Records to process:
Segment Open

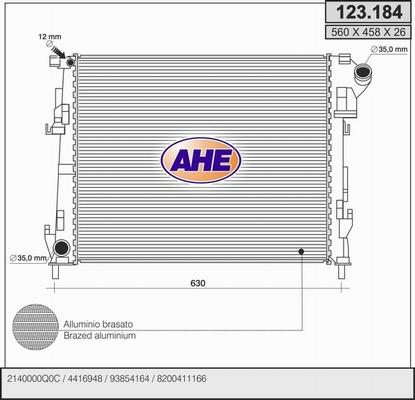 AHE 123.184 - Радіатор, охолодження двигуна autocars.com.ua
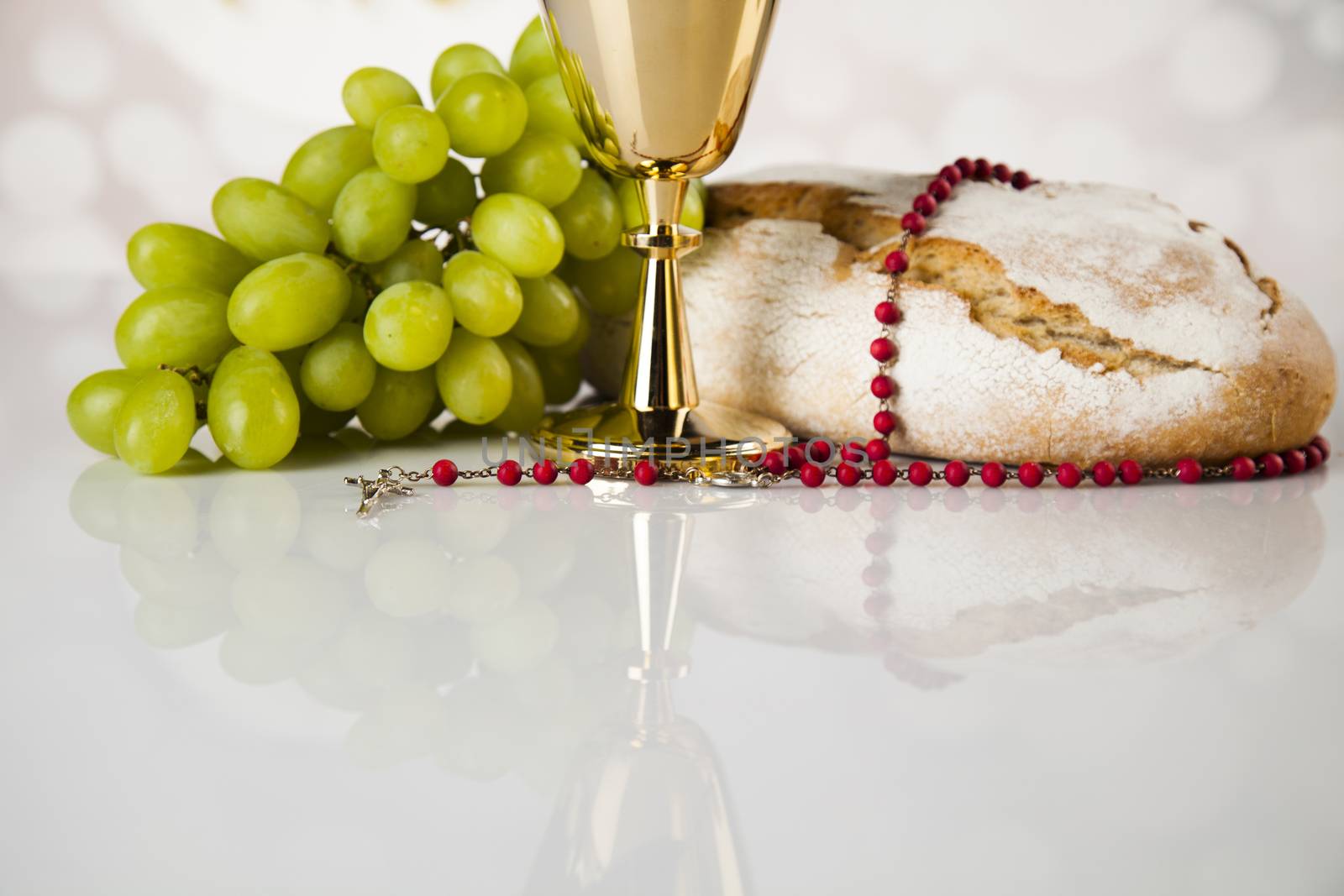 Holy communion elements on white background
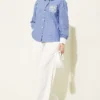 Lace Pocket Striped Shirt all'ingrosso shirt view 2 - Hicabistan fabbrica Turchia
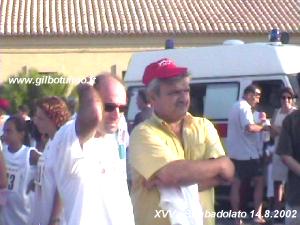 Franco Nistic (con il cappellino) alla partenza della Strabadolato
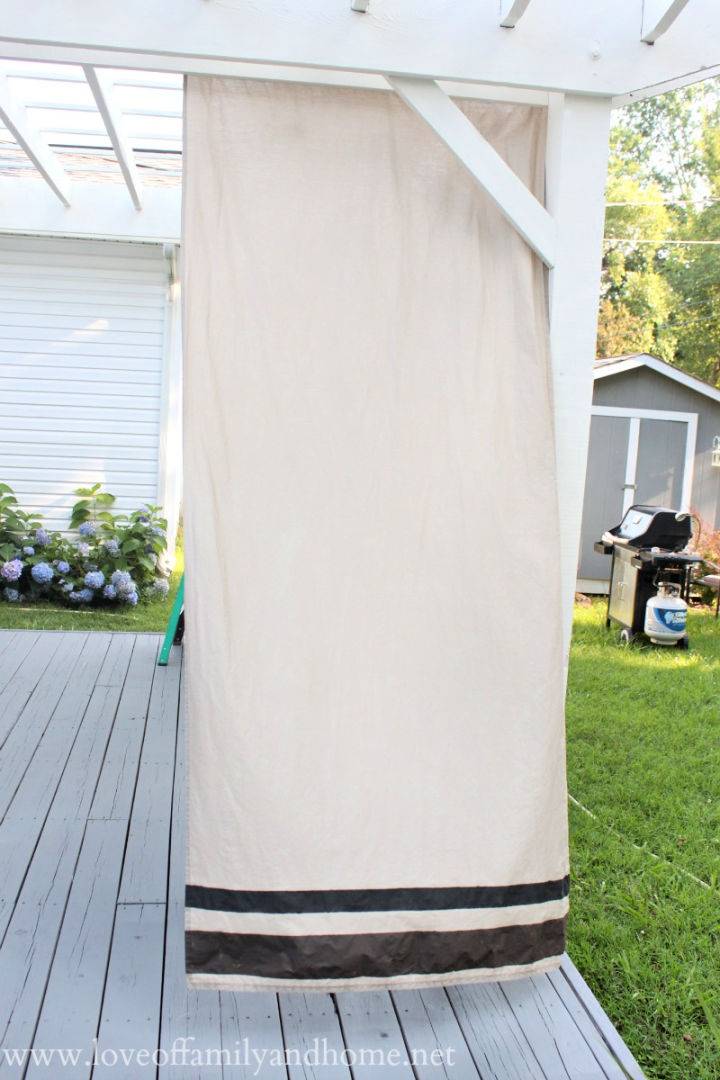 DIY Striped Outdoor Curtains Under $75
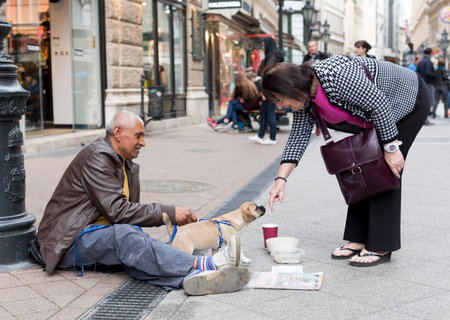 Budapest, Hungary - April 30, 2015: An old man is begging in front of a fashion shop in a main street in Budapest, Hungary.のeditorial素材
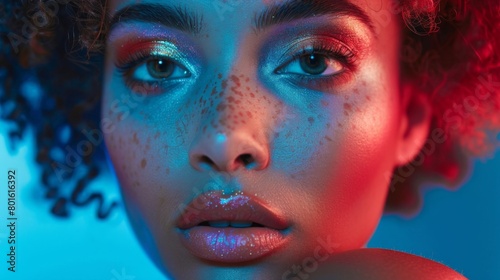 Detailed view of a black womans face showing prominent freckles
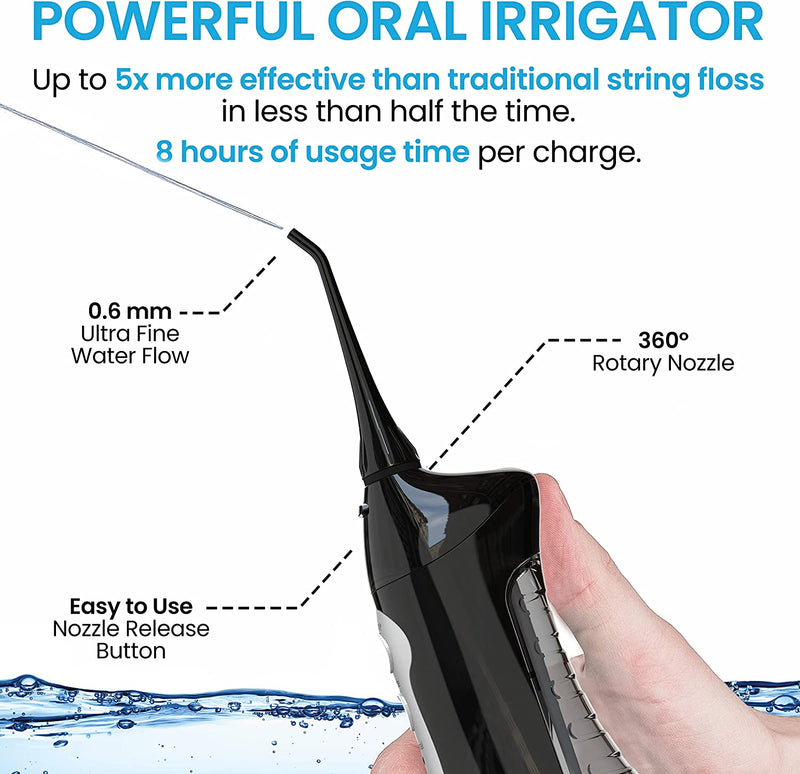 Aquasonic Aqua Flosser Professional Rechargeable Water Flosser with 4 Tips Oral Irrigator w/ 3 Modes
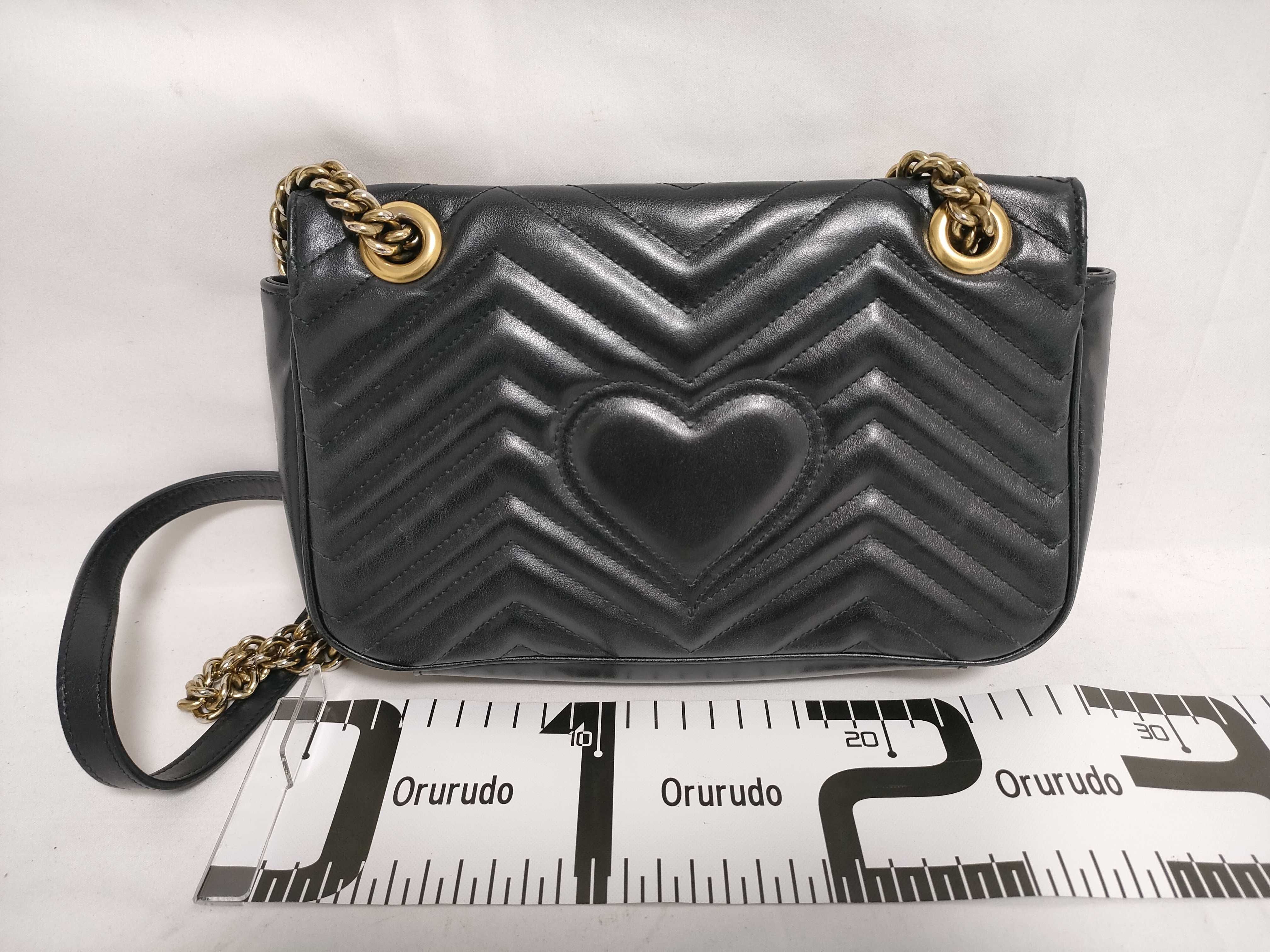 GG Marmont Leather Chain Shoulder Bag, Black, 443497 (Shoulder Bag) — view 2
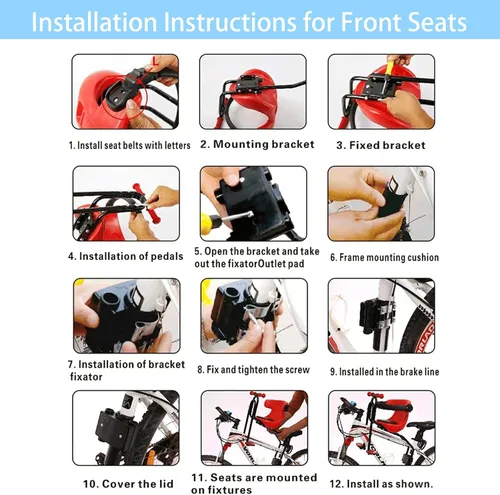 Miniatura 6 de Asiento de Bicicleta para Niños Grofyllaa, Asiento de Bicicleta para Bebé con Capacidad de 50kg Montado en la Parte Delantera con Barra de Soporte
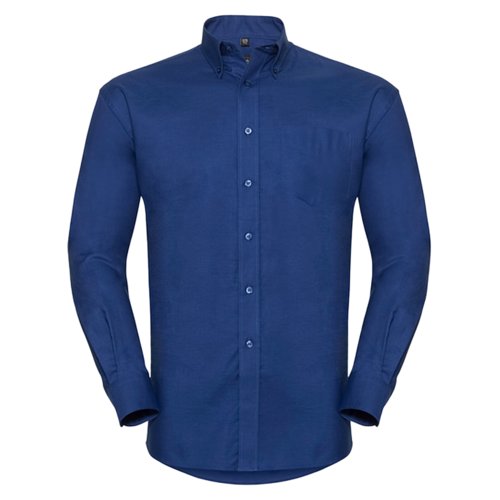 Camisa azul de algodn y polister para hombre con mangas largas.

Segment Closed

Work item:
Copy exactly the lines that run from the line containing "Aquasonic Aqua Flosser" to the end of the data above, keeping both end lines and leaving out all pictures.

Your response:
 Aquasonic Aqua Flosser Professional Rechargeable Water Flosser with 4 Tips Oral Irrigator w/ 3 Modes
 GG Marmont Leather Chain Shoulder Bag, Black, 443497 (Shoulder Bag) — view 2
 Miniatura 6 de Asiento de Bicicleta para Niños Grofyllaa, Asiento de Bicicleta para Bebé con Capacidad de 50kg Montado en la Parte Delantera con Barra de Soporte
 Camisa azul de algodn y polister para hombre con mangas largas.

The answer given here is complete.